### TASK DIRECTIONS
Your reply should set down word for word each line below from the one with "2015 Ford Mustang V6 photo 3" through the final line, both included, but none of the pictures.

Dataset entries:
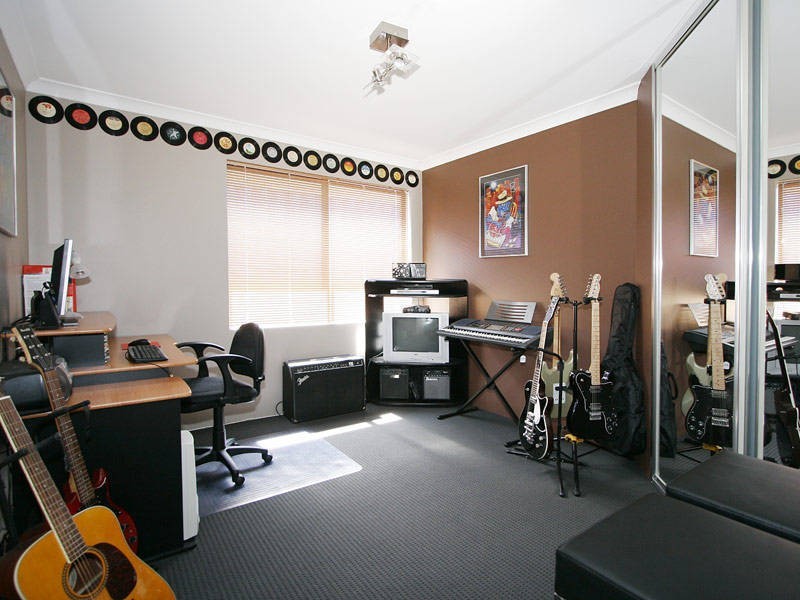 107 Peterborough Circle, North Lake WA 6163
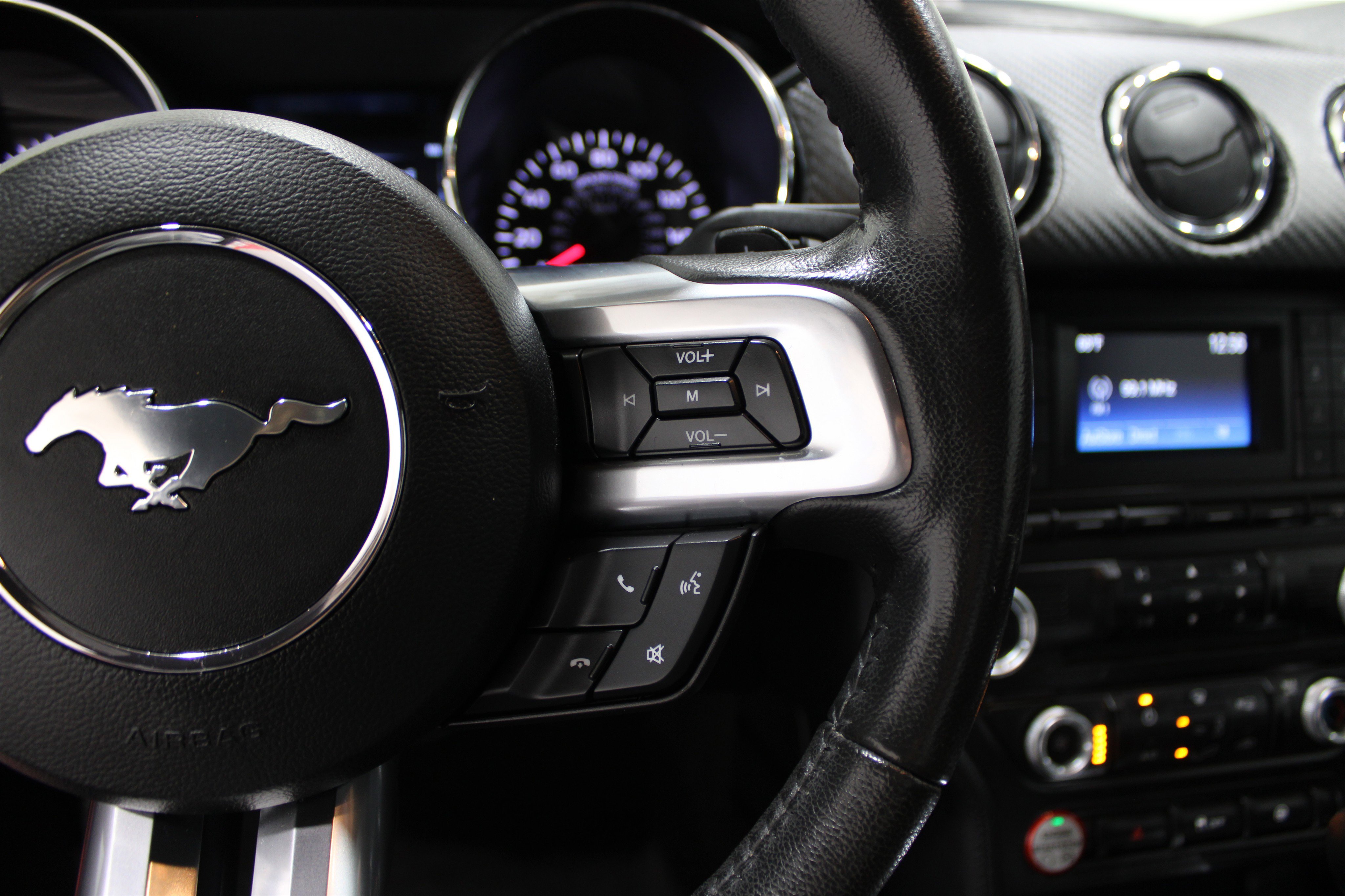 2015 Ford Mustang V6 photo 3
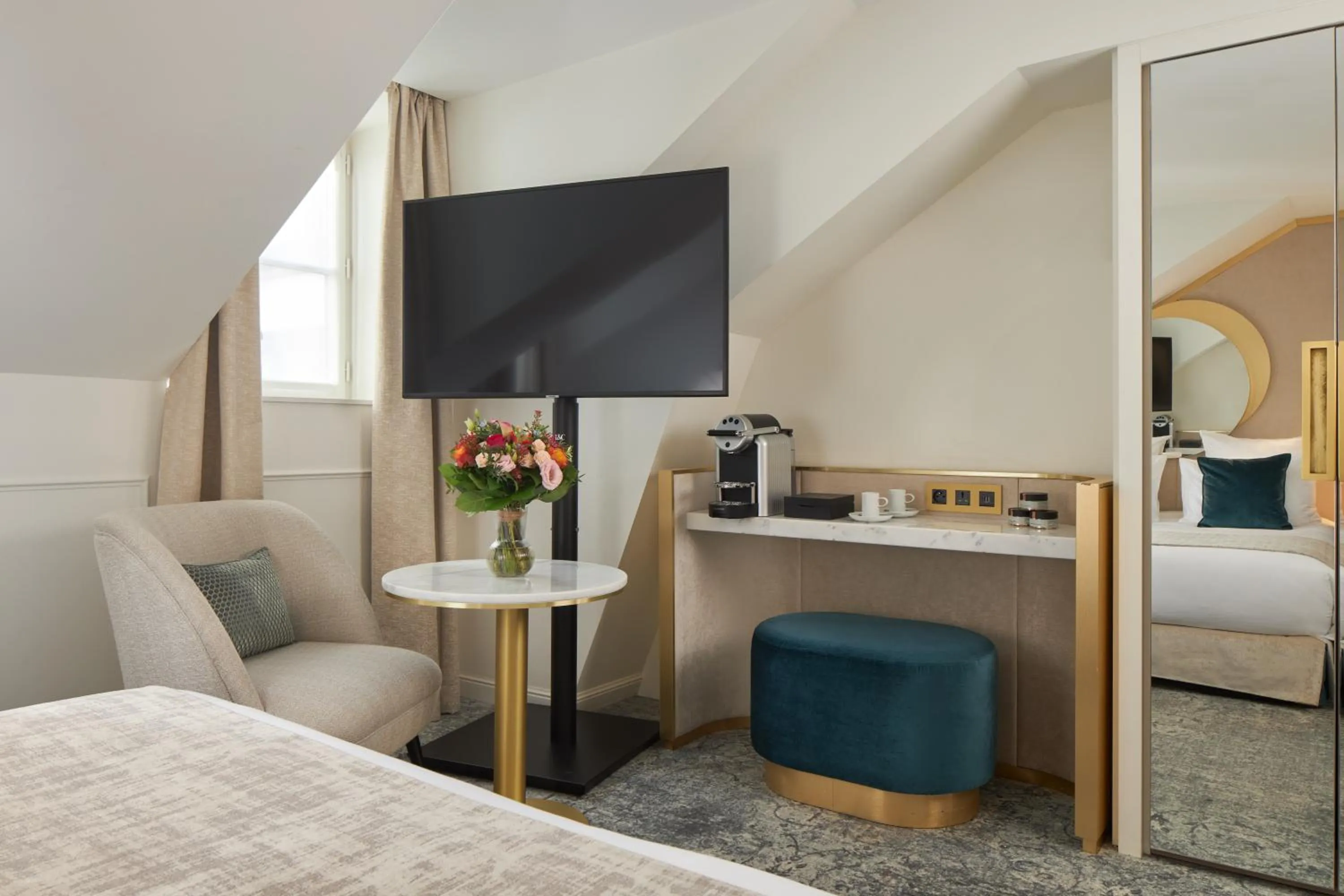 Bed in Maison Albar - Le Vendome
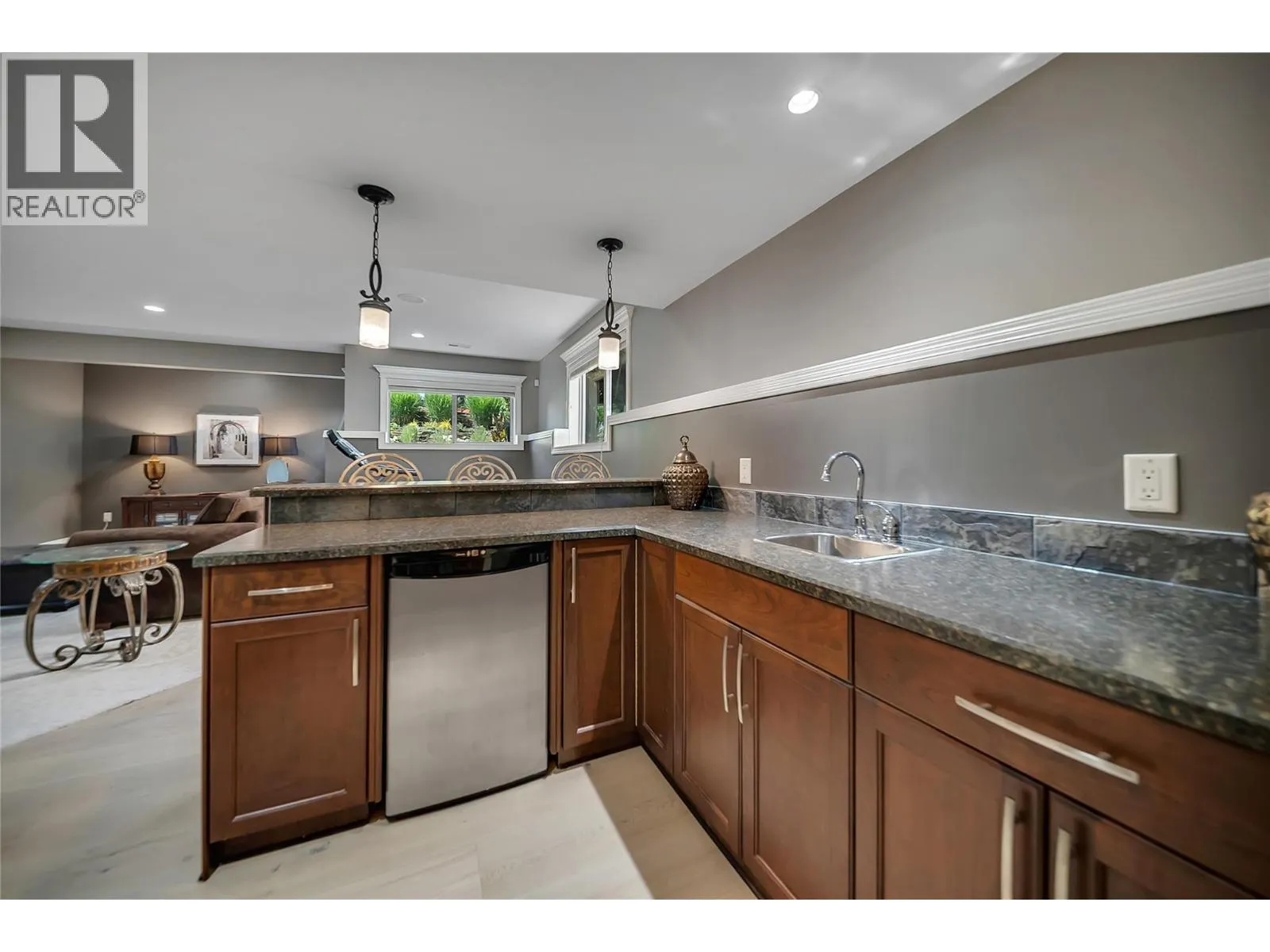 336 Quilchena Drive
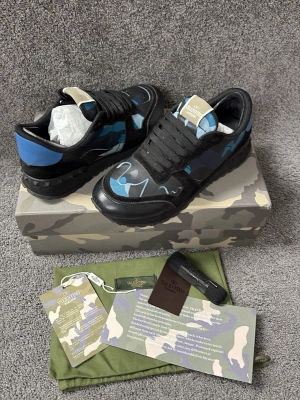 Valentino rockrunners  - Hej! | Säljer nu dessa valentino rockrunners, i storlek 40. | ALLT OG MEDKOMMER | Hör av dig vid minsta fråga!🤝 I topp skick!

### RESULT FOR THIS EXERCISE
 2015 Ford Mustang V6 photo 3
 Bed in Maison Albar - Le Vendome
 336 Quilchena Drive
 Valentino rockrunners  - Hej! | Säljer nu dessa valentino rockrunners, i storlek 40. | ALLT OG MEDKOMMER | Hör av dig vid minsta fråga!🤝 I topp skick!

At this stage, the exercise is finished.